Oil bounced from technical support cheered on by comments out of European Central Bank council member Jens Weidmann who said the euro exchange rate won't derail the region's economic recovery. On top of that, we saw a Redbook Retail sales improve in the first week of March up 2.7% above year ago levels and 0.6 percent over year ago levels.

The Brent looks weak compared to WTI. Bloomberg reports that daily exports of the 12 main grades of North Sea crude for loading in April will rise by 8% to the highest in 10 months, according to loading programs obtained by Bloomberg News. Shipments of Brent, Forties, Oseberg,Ekofisk, Statfjord, Gullfaks, Alvheim, Aasgard, DUC, Flotta, Grane and Troll blends will total 61.2 million barrels, or 2.04 million barrels a day, compared with a revised 1.9 million this month. That is the most since June. Loadings of Forties, the most abundant of the four grades that make up the benchmark Dated Brent, will rise by one cargo, or 9%, to 420,000 barrels a day next month. The 200,000 barrel-a-day Buzzard oil field, the largest contributor to the Forties stream, returned from maintenance 10 hours ahead of schedule on March 4, Patti Lewis, a Calgary-based spokeswoman for the platform's operator, Nexen Inc, said on March 5.

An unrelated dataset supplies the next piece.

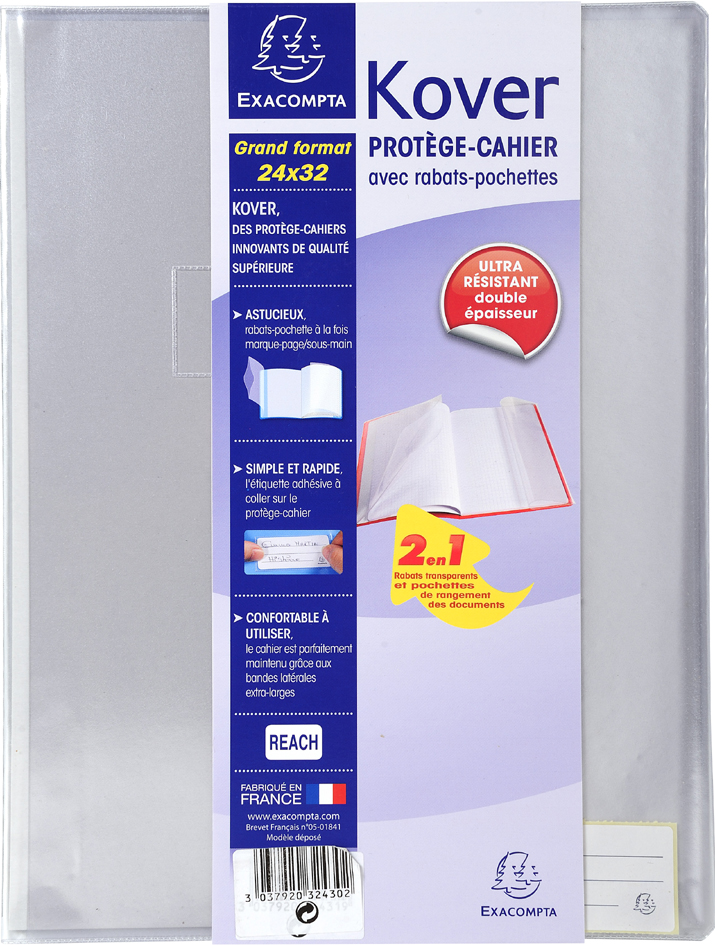 EXACOMPTA Heftschoner Kover, PVC, 240 x 320 mm, farblos von EXACOMPTA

The API report was also supportive overnight as crude oil stocks surprisingly fell. The API reported that crude stocks fell by 1.4 million barrels as a drop of Gulf Coast supply showed slowing imports reflecting in part, foggy weather that slowed shipping traffic in Houston. Supply in Cushing, Oklahoma fell in a sign that oil is getting out of Cushing which also puts more pressure on the Brent crude/West Texas Intermediate.

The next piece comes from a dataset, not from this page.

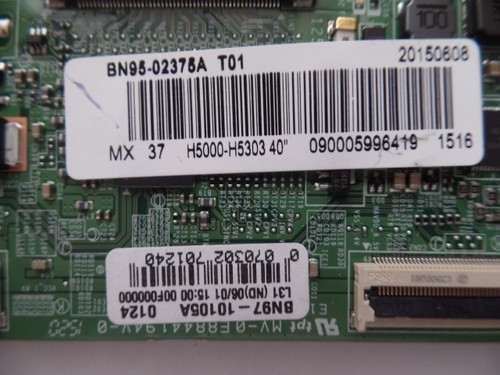 BN95-02375A T-Con for Samsung UN40H5203AFXZA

Gasoline supply also fell harder than anticipated falling by 3.1 million barrels. Weak demand and the seasonal drawdown of winter-time supply continue.

Natural gas is hanging around in the front end of the curve and interest is building in the back end. The December 2015 actually closed over a penny. The Energy Information Administration moved to reflect growing demand, increasing demand expectations by 0.7% to 70.02 BCFD per day! Wow! Supply then will rise only by 0.7% to 69.6 BCFD less than the last report. The EIA also cut its 2013 world oil demand growth forecast by 40,000 barrels per day to 1.01 million bpd.  The oil demand growth estimate for 2014 was cut by 10,000 bpd to 1.40 million bpd.

 

Other highlights from the Energy Information Administration "Short Term Energy Outlook:”

 Petroleum: "Higher U.S. oil production means America will need less imported oil. After reaching a record 60% of domestic oil demand in 2005, net oil imports next year are forecast to fall to 32% of consumption, the lowest level since 1985.”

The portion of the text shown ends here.